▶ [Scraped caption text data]
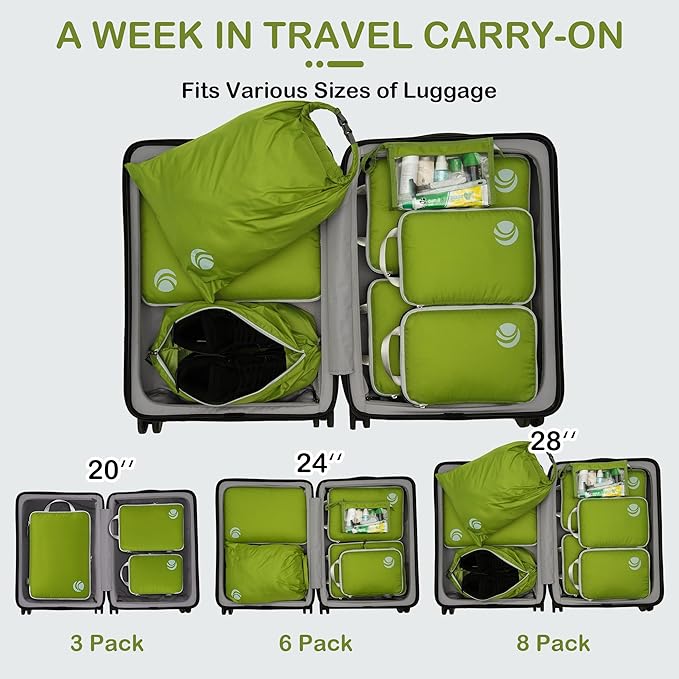 Cipway Compression Packing Cubes, Lightweight Travel Luggage Organizers - Image 7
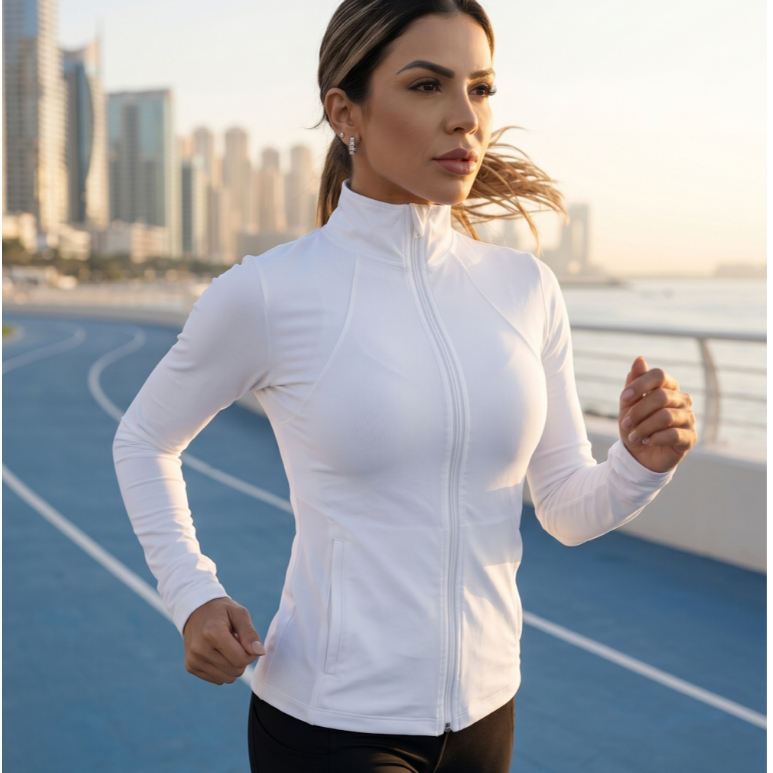 Blusa Manga Longa Comprida Jaqueta Inverno de Fitness Feminina Bolso Zíper Academia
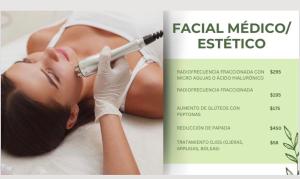 a flyer for a facial medical clinic with a woman with a cigarette at La Posadita in Carolina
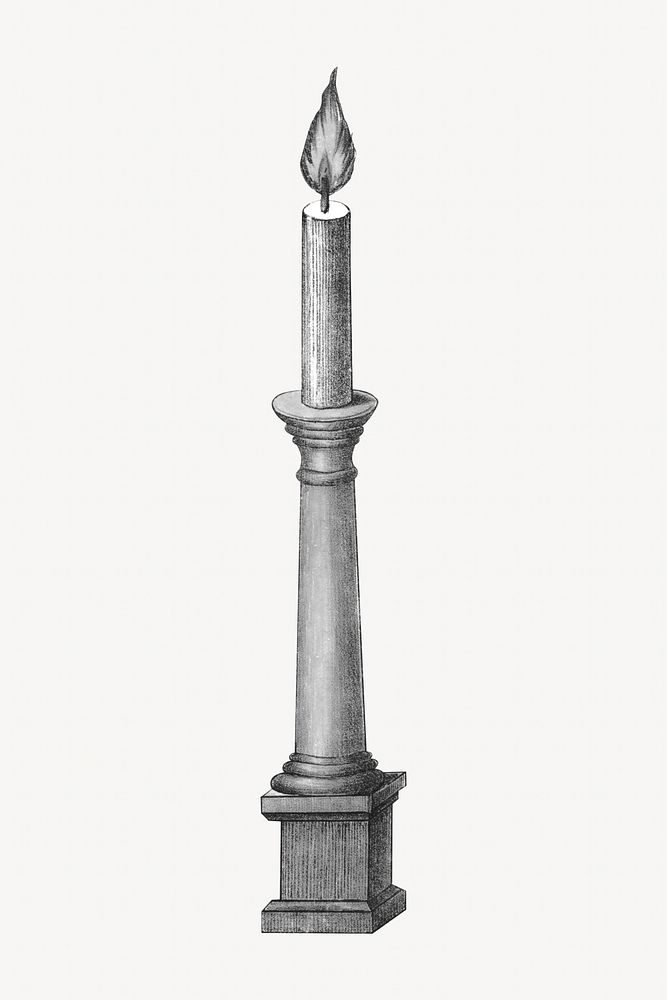 Vintage candle stick, antique illustration. Remixed by rawpixel.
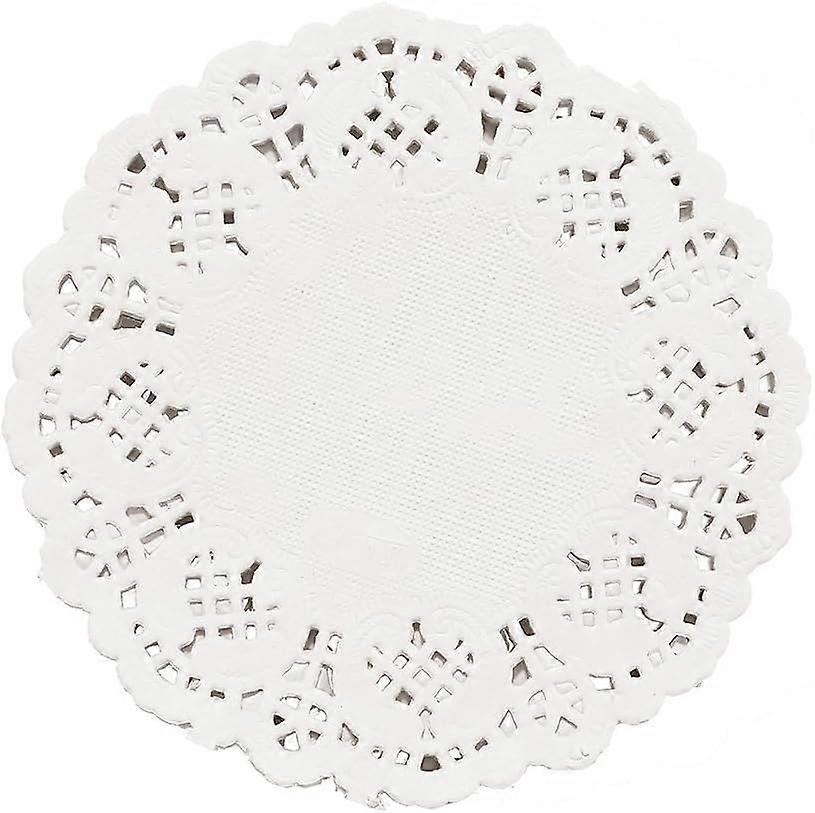 3.5inch Round White Lace Paper Doilies for Wedding Tableware Decoration, 100-Pack White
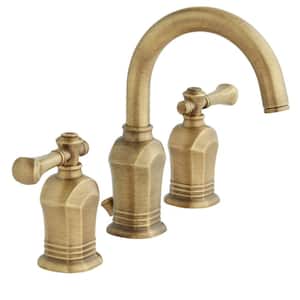 Verdanza 8 in. Widespread 2-Handle High-Arc Bathroom Faucet in Antique Brass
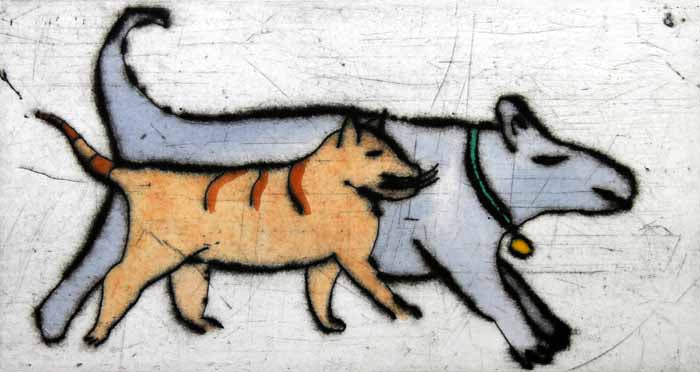 Side by Side - Limited Edition drypoint and watercolour fine art print by artist Richard Spare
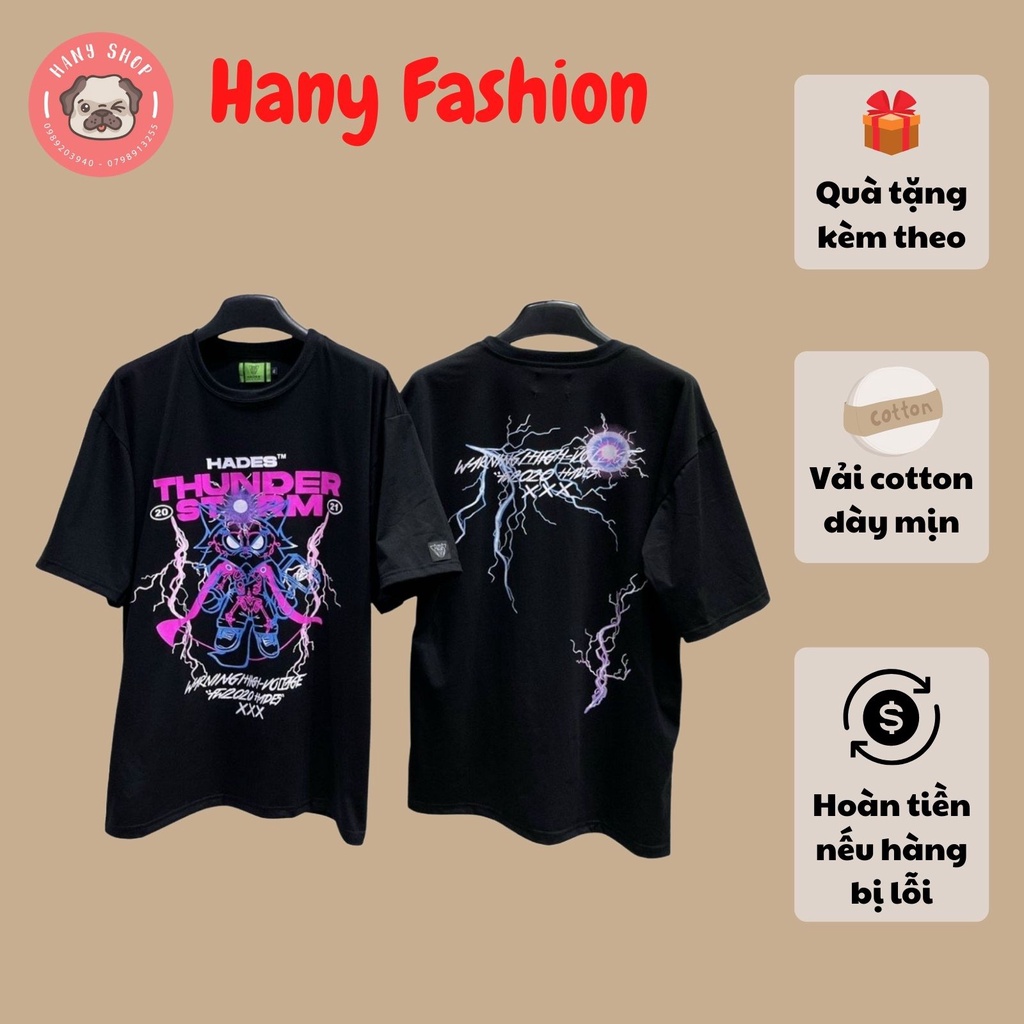 Áo thun unisex tay lở Hades Thunder Storm đầy đủ tag cổ tag tay - HADES THUNDER STORM TEE || Hany Shop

▶ [TASK ITEM] Begin at the line with "Blusa Manga Longa" and retype exactly every line through the last one of the entries above, both included, and nothing more; pictures stay out.

▶ [TASK SOLUTION]
 Blusa Manga Longa Comprida Jaqueta Inverno de Fitness Feminina Bolso Zíper Academia
 a flyer for a facial medical clinic with a woman with a cigarette at La Posadita in Carolina
 Vintage candle stick, antique illustration. Remixed by rawpixel.
 3.5inch Round White Lace Paper Doilies for Wedding Tableware Decoration, 100-Pack White
 Verdanza 8 in. Widespread 2-Handle High-Arc Bathroom Faucet in Antique Brass
 Side by Side - Limited Edition drypoint and watercolour fine art print by artist Richard Spare
 Áo thun unisex tay lở Hades Thunder Storm đầy đủ tag cổ tag tay - HADES THUNDER STORM TEE || Hany Shop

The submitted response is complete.